Sulaiman Abu Ghaith will appear in a federal New York courtroom Friday, according to the Justice Department statement and indictment outlining the accusations against him.

The capture of Abu Ghaith drew praise from Republican Rep. Peter King of New York, the former chairman of the House Homeland Security Committee, who called it a "very significant victory" in U.S. efforts against Al Qaeda.

However, two of his fellow Republicans, Sens. Lindsey Graham and Kelly Ayotte, said Thursday the Obama administration's decision to bring Abu Ghaith to court in New York is wrong, "sneaky" and against the will of Congress.

Graham says Abu Ghaith is clearly an enemy combatant and should have been sent straight to the Guantanamo Bay detainee facility in Cuba for extended questioning. Instead, he is expected to appear Friday morning in a federal court in New York City to face charges.

"The Obama administration’s lack of a war-time detention policy for foreign members of al Qaeda, as well as its refusal to detain and interrogate these individuals at Guantanamo, makes our nation less safe," Graham and Ayotte said in a joint written statement. “We are at war with Al Qaeda and its affiliated groups, and America’s detention policy must reflect that reality."

Even so, the Justice Department touted the capture of Abu Ghaith as significant.
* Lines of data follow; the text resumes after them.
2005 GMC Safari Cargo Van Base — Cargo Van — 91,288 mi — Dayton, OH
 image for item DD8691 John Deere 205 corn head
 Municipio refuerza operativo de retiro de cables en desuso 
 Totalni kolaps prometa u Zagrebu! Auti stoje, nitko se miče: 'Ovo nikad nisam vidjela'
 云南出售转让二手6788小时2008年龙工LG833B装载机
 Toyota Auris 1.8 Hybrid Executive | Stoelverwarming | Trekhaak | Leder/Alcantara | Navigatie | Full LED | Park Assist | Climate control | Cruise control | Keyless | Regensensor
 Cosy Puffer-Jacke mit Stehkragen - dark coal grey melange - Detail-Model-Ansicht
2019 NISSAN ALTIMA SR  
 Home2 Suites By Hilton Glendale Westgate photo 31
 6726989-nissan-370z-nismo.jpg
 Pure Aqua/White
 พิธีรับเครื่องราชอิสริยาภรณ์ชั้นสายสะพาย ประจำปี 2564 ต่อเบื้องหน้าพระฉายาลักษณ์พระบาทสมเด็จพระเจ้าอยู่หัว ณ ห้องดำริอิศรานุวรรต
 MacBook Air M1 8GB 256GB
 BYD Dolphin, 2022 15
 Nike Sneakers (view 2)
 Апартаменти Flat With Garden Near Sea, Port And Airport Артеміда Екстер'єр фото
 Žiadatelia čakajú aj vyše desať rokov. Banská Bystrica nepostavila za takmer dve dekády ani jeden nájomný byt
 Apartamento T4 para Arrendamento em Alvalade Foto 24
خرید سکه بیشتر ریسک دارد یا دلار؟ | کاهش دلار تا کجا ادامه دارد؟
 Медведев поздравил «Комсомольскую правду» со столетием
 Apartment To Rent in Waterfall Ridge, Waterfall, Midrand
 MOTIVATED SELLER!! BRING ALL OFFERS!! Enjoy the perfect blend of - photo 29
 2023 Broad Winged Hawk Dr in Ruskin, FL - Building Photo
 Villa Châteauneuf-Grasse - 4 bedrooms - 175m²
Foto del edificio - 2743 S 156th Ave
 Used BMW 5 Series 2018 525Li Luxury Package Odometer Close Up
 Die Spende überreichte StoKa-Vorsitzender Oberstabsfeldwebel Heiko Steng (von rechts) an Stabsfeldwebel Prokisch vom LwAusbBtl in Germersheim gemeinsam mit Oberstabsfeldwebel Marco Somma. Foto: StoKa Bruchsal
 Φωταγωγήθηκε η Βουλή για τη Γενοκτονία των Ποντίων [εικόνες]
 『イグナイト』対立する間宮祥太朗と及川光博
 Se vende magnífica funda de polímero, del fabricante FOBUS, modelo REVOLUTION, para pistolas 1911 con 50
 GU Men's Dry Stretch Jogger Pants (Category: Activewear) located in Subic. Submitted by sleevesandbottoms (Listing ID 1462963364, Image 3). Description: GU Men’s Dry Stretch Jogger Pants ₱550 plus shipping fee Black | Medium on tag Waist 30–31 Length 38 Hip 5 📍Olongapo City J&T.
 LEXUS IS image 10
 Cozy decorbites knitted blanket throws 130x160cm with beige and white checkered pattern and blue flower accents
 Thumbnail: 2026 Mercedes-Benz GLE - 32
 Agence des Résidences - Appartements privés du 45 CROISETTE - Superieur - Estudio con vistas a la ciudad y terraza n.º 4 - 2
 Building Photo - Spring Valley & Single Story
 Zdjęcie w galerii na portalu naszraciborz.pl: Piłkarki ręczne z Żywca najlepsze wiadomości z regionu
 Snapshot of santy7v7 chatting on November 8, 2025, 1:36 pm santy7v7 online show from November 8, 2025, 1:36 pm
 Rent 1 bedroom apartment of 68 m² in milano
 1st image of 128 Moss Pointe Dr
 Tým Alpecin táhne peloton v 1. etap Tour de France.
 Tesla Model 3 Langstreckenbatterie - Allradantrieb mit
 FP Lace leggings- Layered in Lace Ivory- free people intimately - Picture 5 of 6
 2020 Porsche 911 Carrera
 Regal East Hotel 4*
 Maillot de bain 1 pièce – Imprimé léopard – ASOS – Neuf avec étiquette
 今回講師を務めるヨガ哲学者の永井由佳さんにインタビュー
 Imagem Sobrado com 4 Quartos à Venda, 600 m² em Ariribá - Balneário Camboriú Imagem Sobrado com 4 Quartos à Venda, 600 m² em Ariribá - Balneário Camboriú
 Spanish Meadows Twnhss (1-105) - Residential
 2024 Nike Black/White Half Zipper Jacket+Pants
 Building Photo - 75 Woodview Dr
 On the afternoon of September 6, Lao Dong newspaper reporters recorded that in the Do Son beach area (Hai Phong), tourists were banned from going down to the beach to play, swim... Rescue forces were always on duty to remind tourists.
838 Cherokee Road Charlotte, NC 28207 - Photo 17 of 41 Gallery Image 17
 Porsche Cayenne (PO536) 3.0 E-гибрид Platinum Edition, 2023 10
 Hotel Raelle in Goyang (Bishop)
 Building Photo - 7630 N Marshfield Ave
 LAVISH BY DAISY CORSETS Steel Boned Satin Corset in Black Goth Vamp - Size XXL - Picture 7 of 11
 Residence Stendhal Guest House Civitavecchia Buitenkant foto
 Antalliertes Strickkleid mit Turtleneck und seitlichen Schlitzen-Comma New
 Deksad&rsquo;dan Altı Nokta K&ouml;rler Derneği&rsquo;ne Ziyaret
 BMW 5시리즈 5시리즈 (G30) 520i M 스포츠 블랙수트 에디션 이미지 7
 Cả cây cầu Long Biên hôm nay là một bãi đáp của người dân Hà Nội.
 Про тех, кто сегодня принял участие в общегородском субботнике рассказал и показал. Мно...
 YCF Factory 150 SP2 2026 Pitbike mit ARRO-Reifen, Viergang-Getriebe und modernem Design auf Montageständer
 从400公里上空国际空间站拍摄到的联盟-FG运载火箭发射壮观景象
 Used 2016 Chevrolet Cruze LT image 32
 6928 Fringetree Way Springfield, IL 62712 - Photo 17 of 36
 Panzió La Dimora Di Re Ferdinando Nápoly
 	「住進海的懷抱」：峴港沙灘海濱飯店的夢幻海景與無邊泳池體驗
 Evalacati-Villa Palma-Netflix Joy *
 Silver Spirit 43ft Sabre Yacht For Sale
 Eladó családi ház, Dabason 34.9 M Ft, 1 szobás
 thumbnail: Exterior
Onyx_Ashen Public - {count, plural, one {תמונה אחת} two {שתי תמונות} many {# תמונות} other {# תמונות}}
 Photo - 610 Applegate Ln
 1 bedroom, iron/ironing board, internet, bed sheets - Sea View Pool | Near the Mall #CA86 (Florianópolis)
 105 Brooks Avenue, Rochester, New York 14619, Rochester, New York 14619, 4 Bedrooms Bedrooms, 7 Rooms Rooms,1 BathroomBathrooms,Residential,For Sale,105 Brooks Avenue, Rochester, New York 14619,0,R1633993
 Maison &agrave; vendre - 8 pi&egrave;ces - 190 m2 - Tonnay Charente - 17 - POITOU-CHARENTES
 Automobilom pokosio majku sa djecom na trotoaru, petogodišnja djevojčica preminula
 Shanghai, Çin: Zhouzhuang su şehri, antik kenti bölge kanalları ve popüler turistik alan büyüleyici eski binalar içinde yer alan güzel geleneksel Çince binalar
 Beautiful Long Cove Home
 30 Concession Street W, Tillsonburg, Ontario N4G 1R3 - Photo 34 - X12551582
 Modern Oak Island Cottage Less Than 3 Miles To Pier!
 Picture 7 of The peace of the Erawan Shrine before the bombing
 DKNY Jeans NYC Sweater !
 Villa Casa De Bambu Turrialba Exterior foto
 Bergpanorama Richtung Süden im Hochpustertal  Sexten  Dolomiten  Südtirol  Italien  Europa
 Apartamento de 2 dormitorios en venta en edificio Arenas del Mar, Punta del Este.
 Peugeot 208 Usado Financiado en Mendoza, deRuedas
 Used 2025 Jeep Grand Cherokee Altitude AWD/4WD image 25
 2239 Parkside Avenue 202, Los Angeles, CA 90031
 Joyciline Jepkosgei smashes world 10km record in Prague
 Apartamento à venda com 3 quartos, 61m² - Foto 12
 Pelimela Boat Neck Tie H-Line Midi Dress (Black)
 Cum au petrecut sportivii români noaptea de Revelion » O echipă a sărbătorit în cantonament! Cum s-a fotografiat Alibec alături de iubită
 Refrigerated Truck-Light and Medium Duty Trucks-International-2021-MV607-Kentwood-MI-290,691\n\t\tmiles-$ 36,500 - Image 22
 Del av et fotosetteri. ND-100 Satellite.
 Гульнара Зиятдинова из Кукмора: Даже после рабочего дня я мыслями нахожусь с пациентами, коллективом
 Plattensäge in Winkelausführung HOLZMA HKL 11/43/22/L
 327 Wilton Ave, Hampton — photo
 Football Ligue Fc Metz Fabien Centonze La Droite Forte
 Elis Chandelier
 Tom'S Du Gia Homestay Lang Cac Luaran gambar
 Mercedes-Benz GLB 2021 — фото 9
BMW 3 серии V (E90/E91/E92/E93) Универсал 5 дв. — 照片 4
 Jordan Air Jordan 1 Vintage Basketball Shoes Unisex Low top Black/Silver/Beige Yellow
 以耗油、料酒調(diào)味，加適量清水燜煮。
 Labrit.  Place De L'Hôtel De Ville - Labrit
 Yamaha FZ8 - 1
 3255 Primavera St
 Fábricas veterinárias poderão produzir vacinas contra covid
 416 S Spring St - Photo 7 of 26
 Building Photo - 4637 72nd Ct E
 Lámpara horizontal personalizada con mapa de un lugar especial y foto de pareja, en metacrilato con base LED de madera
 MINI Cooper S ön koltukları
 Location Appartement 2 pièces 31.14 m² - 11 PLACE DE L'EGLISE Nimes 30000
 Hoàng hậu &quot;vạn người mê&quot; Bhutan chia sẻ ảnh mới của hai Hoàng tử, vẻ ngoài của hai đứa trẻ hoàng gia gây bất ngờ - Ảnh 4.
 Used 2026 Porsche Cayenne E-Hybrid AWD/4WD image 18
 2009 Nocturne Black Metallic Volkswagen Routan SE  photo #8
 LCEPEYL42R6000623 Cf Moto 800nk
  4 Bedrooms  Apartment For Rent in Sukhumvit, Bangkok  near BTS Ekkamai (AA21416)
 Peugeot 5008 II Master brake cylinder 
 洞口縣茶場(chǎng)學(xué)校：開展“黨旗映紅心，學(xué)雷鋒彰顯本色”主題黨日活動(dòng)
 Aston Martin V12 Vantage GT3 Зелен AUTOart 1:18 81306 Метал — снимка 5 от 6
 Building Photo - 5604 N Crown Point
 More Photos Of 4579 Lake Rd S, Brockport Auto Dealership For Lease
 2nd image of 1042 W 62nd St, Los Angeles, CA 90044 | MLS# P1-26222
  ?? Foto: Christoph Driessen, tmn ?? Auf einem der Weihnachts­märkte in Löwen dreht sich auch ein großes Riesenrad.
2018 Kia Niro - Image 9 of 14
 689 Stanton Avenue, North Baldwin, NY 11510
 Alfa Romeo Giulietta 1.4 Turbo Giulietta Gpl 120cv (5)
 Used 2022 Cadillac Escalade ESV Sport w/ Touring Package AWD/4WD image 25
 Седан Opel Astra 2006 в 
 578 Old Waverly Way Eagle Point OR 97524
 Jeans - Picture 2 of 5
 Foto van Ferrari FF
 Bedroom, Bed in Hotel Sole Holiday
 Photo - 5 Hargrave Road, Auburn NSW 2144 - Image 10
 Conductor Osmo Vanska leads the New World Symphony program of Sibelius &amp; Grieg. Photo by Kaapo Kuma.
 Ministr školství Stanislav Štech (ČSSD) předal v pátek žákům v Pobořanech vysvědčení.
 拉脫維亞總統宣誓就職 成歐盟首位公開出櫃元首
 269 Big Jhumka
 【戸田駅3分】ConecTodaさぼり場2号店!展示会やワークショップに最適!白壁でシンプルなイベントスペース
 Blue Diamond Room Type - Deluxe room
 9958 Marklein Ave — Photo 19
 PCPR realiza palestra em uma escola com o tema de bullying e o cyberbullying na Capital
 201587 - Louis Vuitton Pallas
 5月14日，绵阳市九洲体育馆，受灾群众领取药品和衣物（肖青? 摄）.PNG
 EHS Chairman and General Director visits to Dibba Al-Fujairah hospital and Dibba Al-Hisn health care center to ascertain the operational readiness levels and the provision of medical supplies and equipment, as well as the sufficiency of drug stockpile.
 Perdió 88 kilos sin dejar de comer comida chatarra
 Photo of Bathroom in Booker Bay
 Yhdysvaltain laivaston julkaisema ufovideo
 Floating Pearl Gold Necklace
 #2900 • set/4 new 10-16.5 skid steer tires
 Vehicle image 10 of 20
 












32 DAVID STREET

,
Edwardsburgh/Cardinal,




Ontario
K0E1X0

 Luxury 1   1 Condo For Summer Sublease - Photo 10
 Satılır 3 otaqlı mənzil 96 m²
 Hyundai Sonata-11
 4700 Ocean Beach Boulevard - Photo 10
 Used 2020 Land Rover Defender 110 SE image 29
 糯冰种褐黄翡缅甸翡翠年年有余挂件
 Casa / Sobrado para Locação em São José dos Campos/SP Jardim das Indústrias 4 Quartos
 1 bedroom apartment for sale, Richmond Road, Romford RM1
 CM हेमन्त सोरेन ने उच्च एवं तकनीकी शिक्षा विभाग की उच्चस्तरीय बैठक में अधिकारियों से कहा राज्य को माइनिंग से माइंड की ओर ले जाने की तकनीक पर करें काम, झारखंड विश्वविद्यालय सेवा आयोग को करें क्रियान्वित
"It has been 13 years since Abu Ghaith allegedly worked alongside Usama Bin Laden in his campaign of terror, and 13 years since he allegedly took to the public airwaves, exhorting others to embrace Al Qaeda's cause and warning of more terrorist attacks like the mass murder of 9/11," U.S. Attorney Bharara said in a news release announcing Abu Ghaith's arrest. "The memory of those attacks is indelibly etched on the American psyche, and today's action is the latest example of our commitment to capturing and punishing enemies of the United States, no matter how long it takes."

Attorney General Eric Holder added, "No amount of distance or time will weaken our resolve to bring America's enemies to justice."

Abu Ghaith became an international name in late 2001 when he appeared on pan-Arab satellite television urging Muslims everywhere to fight the United States and warning of more attacks similar to those of Sept. 11.

In one video, he was sitting with bin Laden in front of a rock face in Afghanistan. A teacher and mosque preacher in Kuwait, he was stripped of his Kuwaiti citizenship after 9/11.

He is identified as a major Al Qaeda core official by the New America Foundation think tank in Washington. King said Abu Ghaith was involved in the planning in the 9/11 attacks against the World Trade Center and Pentagon.

"Definitely, one by one, we are getting the top echelons of Al Qaeda," King said. "I give the (Obama) administration credit for this: It's steady and it's unrelenting and it's very successful."

It's likely that Abu Ghaith will face a host of terrorism-related charges and possibly murder, which could carry the death penalty, said attorney Michael Rosensaft, who was a prosecutor in the U.S. Attorney's office in Manhattan until last fall and is now in private practice.

He predicted the trial will last months, if not years, and that some of the evidence against Abu Ghaith will be a challenge for prosecutors to bring to court if it is classified.

Abu Ghaith's trial will make one of the few prosecutions of senior Al Qaeda leaders on U.S. soil. Charging foreign terror suspects in American federal courts was a top pledge by President Obama shortly after he took office in 2009 -- aimed, in part, to close the detention center at Guantanamo Bay, Cuba.

"The propaganda statements in which Abu Ghaith and his late father-in-law, Usama bin Laden, praised the terrorist attacks of Sept. 11, 2001 are alone enough to merit the most serious punishment," King said

White House Press Secretary Jay Carney declined to comment on the capture when asked during Thursday's press briefing.

The Obama administration's attempts to move many of the detainees held at Guantanamo into facilities in the United States to stand trial domesstically were halted during Obama's first term after Congress passed a measure with bipartisan majorities opposing such transfers.